Image-caption web data
*** Block opens ***
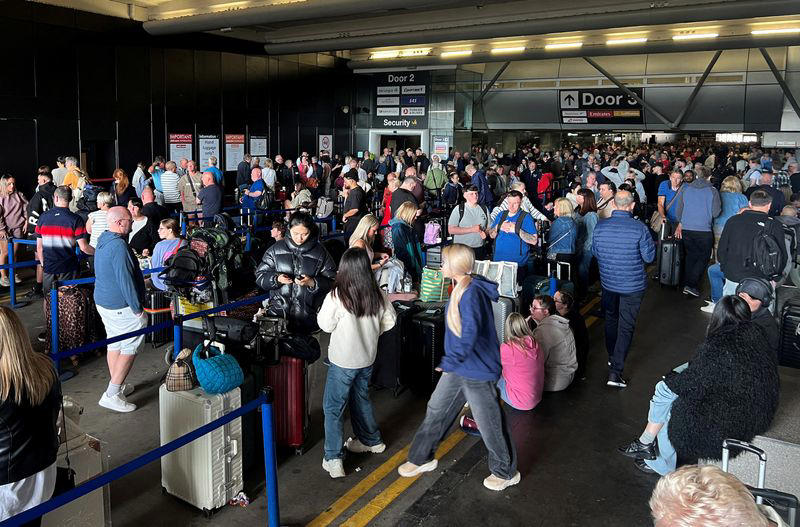 uk's manchester airport faces cancellations after power cut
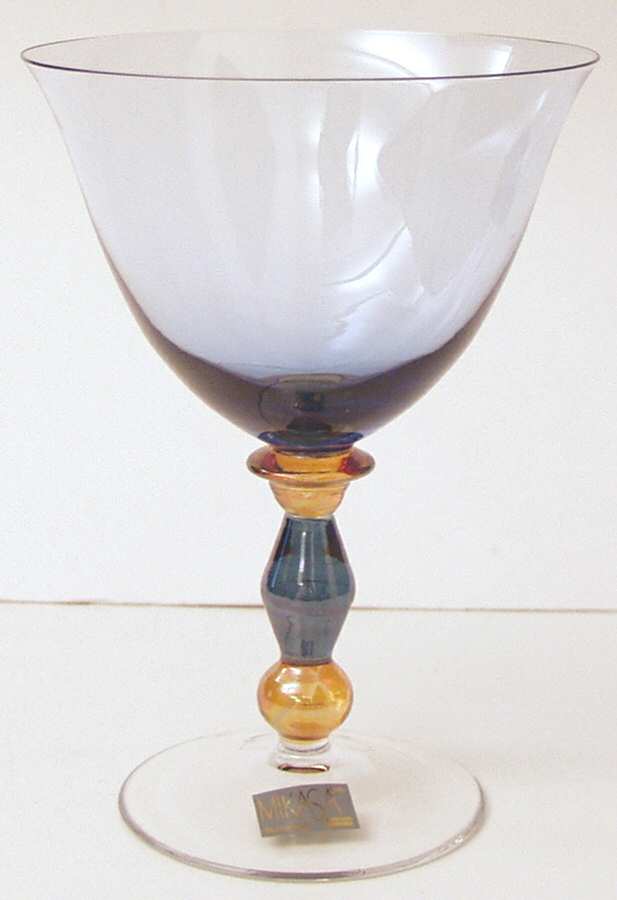 Estate Slate Blue Champagne/Tall Sherbet by Mikasa-1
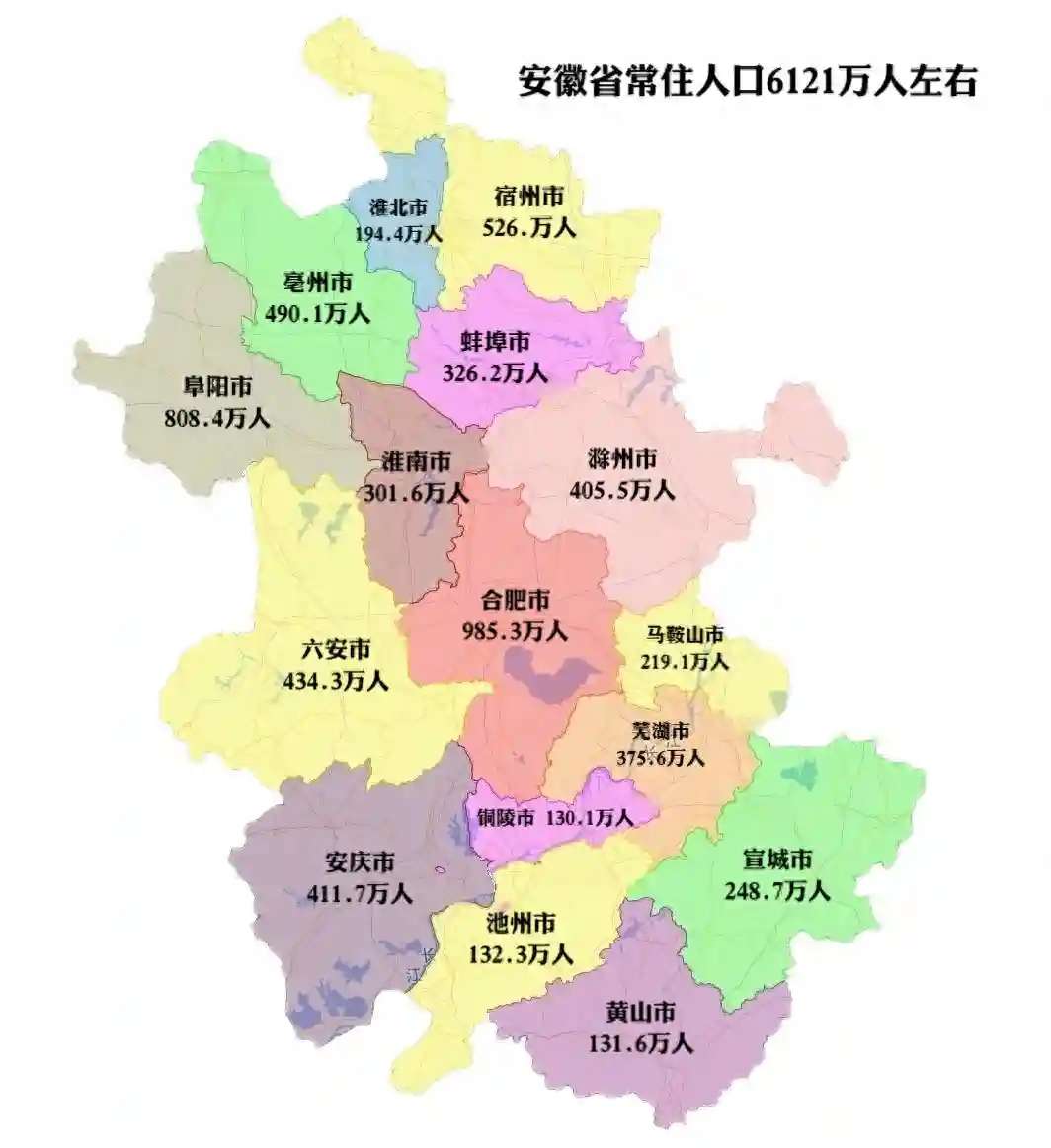安徽省有多少人口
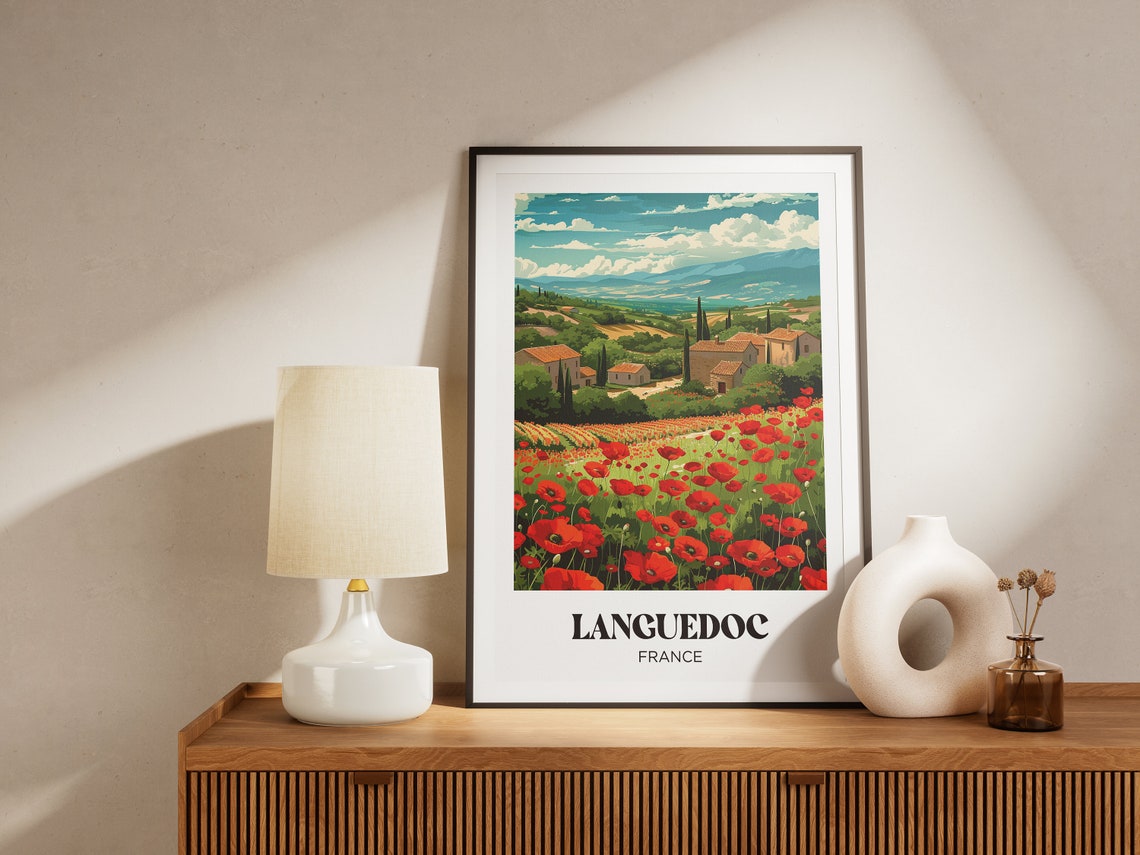 Provence Travel Poster French Provence Wall Art Print Provencal Farmhouse Painting Illustration French Watercolor Home Decor - Image 4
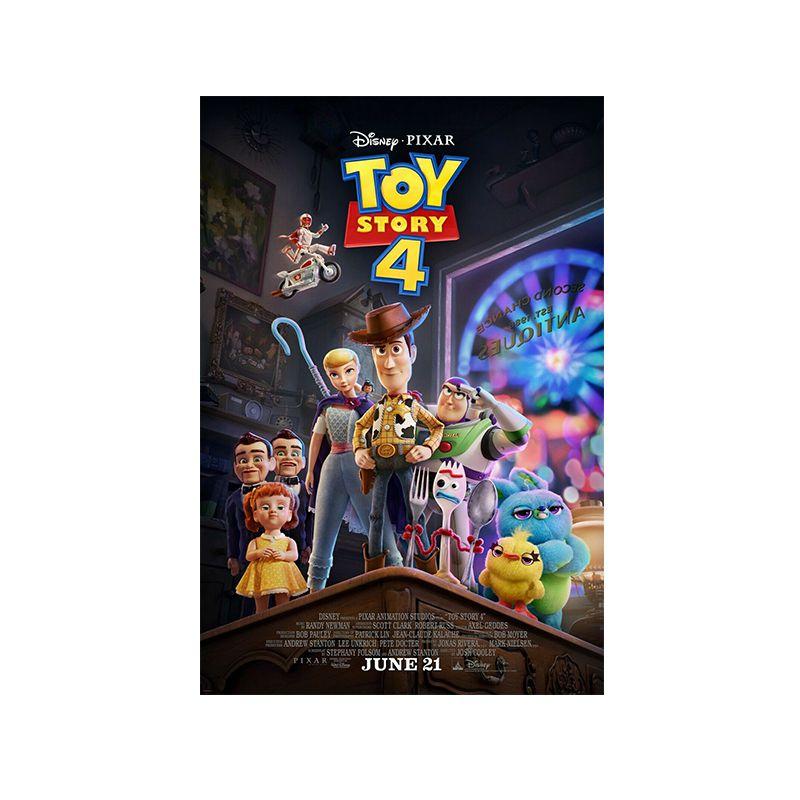 High-resolution Silk Poster Of Toy Story 4 For Home Decoration Enthusiasts**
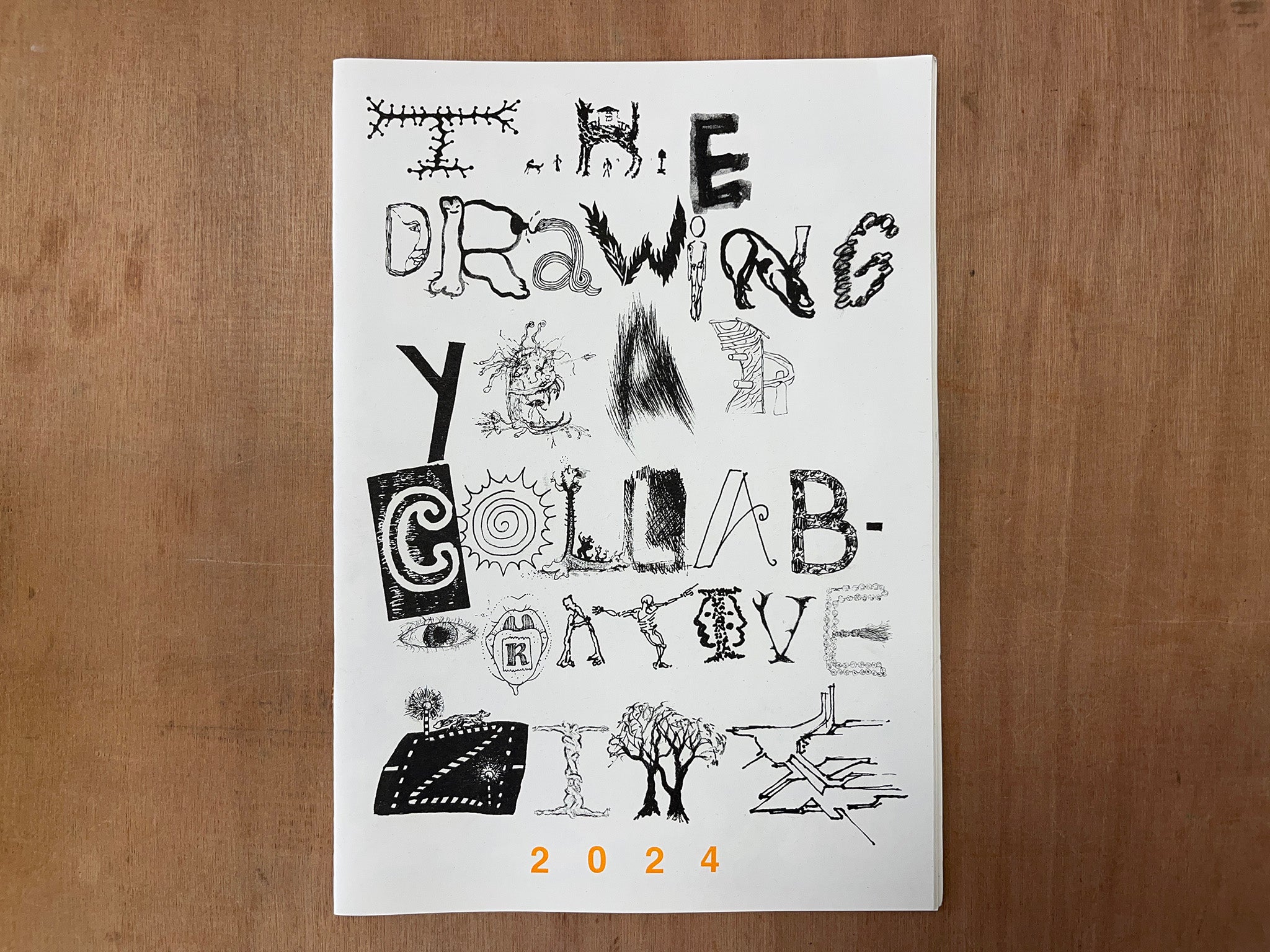 DRAWING YEAR COLLABORATIVE ZINE by Various Artists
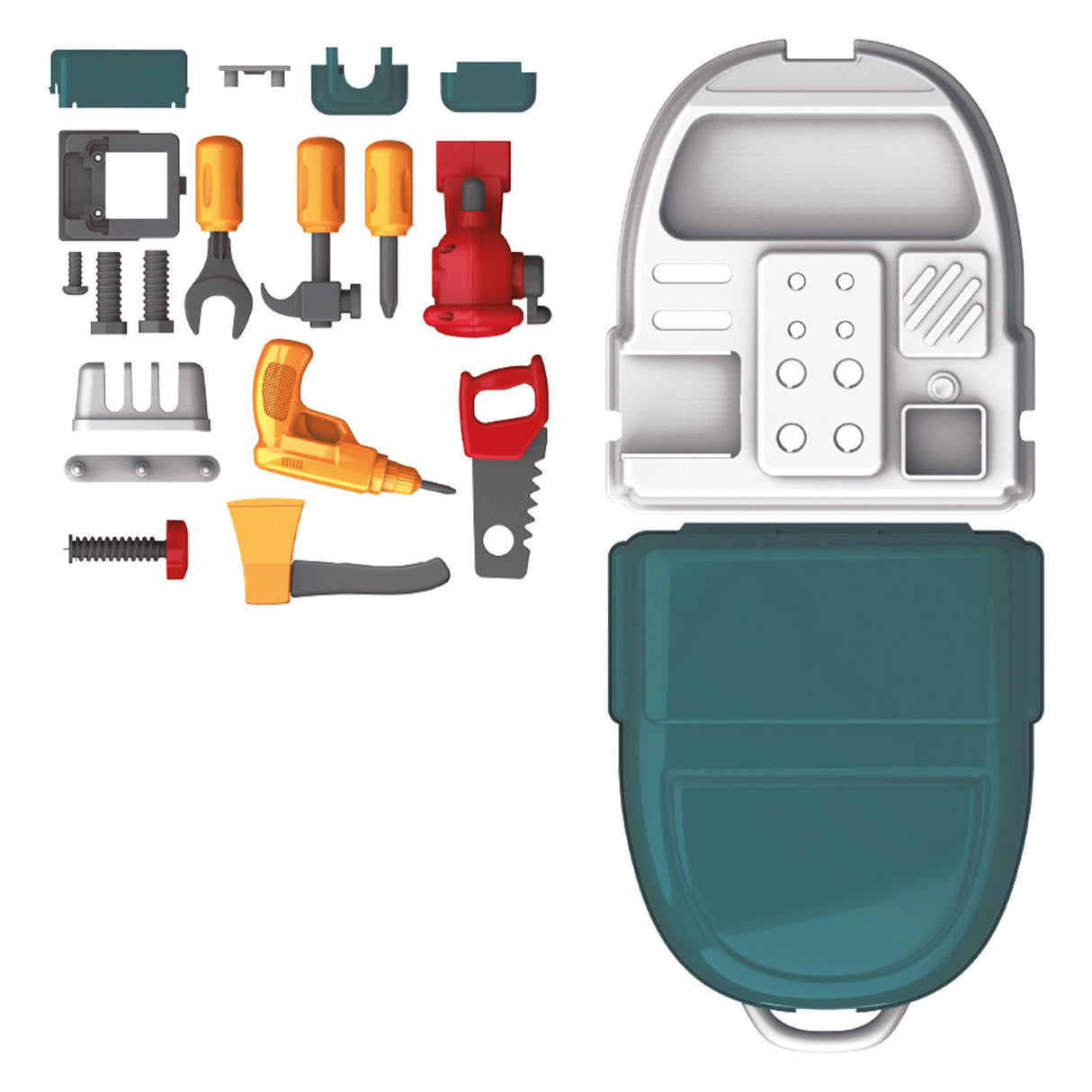 Toi-toys power tools gereedschapsset in rugzak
*** Block closes ***
Exercise details
Every picture stays out; reproduce exactly the lines from the one with "Provence Travel Poster" through the last line of the data above.

Exercise output
 Provence Travel Poster French Provence Wall Art Print Provencal Farmhouse Painting Illustration French Watercolor Home Decor - Image 4
 High-resolution Silk Poster Of Toy Story 4 For Home Decoration Enthusiasts**
 DRAWING YEAR COLLABORATIVE ZINE by Various Artists
 Toi-toys power tools gereedschapsset in rugzak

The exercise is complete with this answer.